- Abbreviation: JKPM
- President: Mohammad Hussain Padder
- Founded: 17 March 2019
- Colours: Green
- Alliance: People's Alliance for Gupkar Declaration (2020–2022)
- Seats in District Development Council: 3 / 280
- Seats in Jammu and Kashmir Legislative Assembly: 0 / 90

= Jammu & Kashmir People's Movement =

The Jammu and Kashmir People's Movement (JKPM) is a political party in Jammu and Kashmir, India.

On July 24, 2024 Mohammad Hussain Padder was chosen as President of the party.

==History==
The party was founded in 2019 by Indian Administrative Service officer Shah Faesal.
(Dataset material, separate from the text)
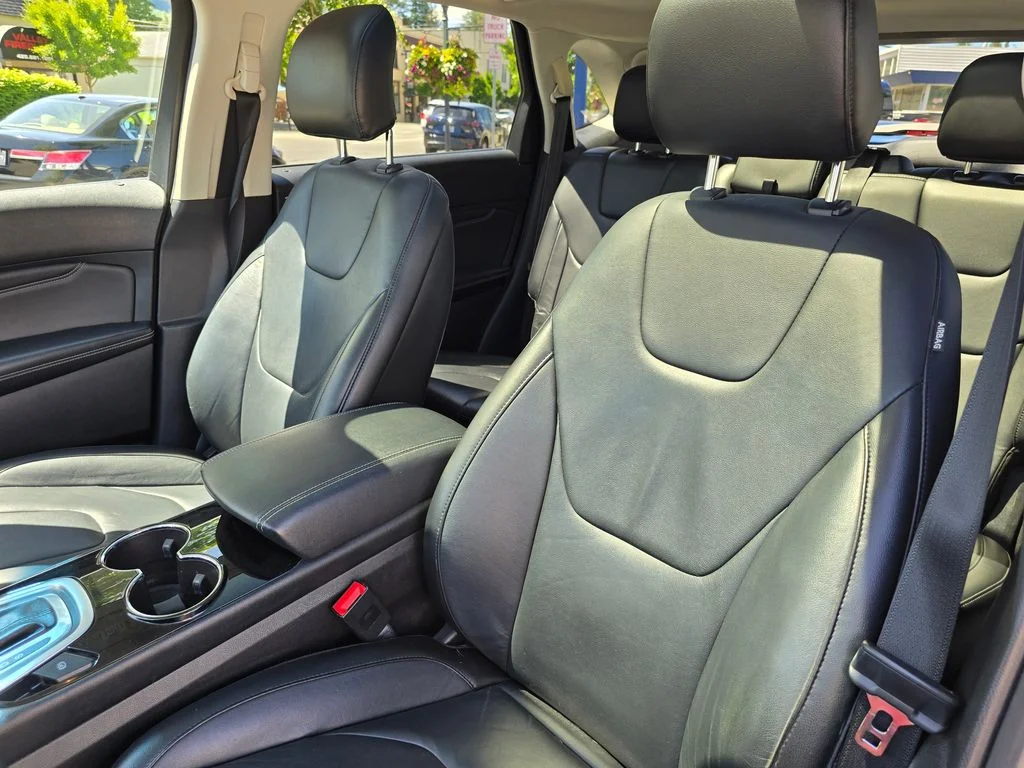 Used 2015 Red Ford Titanium image 21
As of August 2020, the party is currently headed by Mustafa Khan after the resignation of Javed Mustafa Mir.

JKPM was the leading petitioner in supreme court of India regarding the abrogation of article 370. Its members M. Hussain and Rohit Sharma are the petitioners in the supreme court of India.
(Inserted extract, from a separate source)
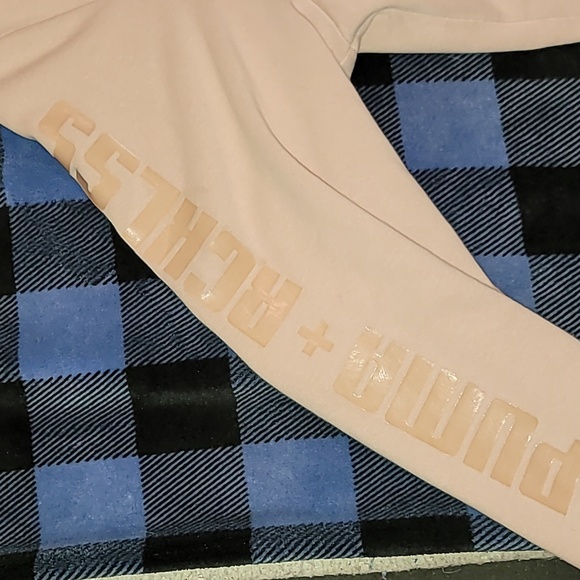 Puma+RCKLSS. Streetwear hoodie. Women's size Large. Like-new. - Picture 5 of 16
After the revocation of Article 370, Faesal was detained and placed under house arrest with other leaders of Kashmir. After his release, Faesal decided to step down as president.

The party joined the People's Alliance for Gupkar Declaration in October 2020 and left in June 2022.
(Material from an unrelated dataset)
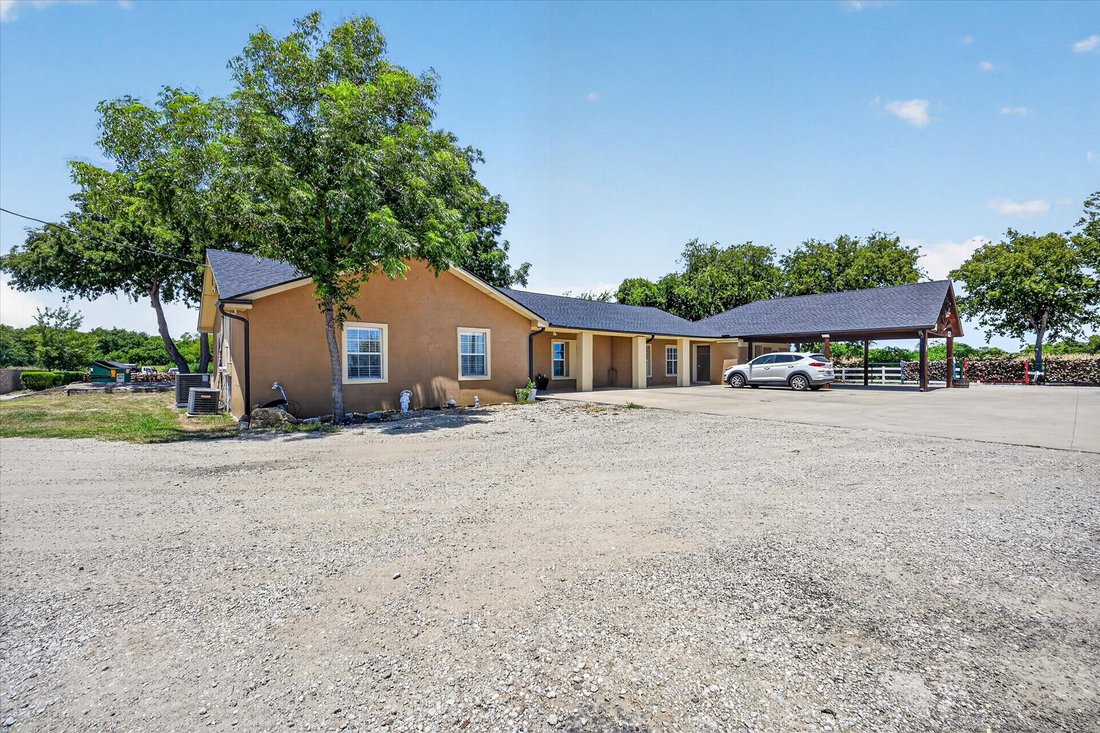 House in Sanger, Texas, United States 2 - 18464071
On 14 July 2022, some media sources stated that the Jammu and Kashmir People's Movement had merged into the Aam Aadmi Party. These claims were disputed by party vice-president Syed Iqbal Tahir, who claimed that no merger had taken place, and that such a merger would need approval from 2/3 of the party membership. However, he did confirm that some members of the some party executive, including president Dr. Mustafa Khan, had defected to the AAP.

==Platform==
The Jammu and Kashmir People's Movement invites Young and energetic youth to provide an alternative political platform for the people of all the regions of Jammu and Kashmir for electoral alliance to keep dynasty rulers away from power as they betrayed people of Jammu and Kashmir since 1947 for their personal and vested interests.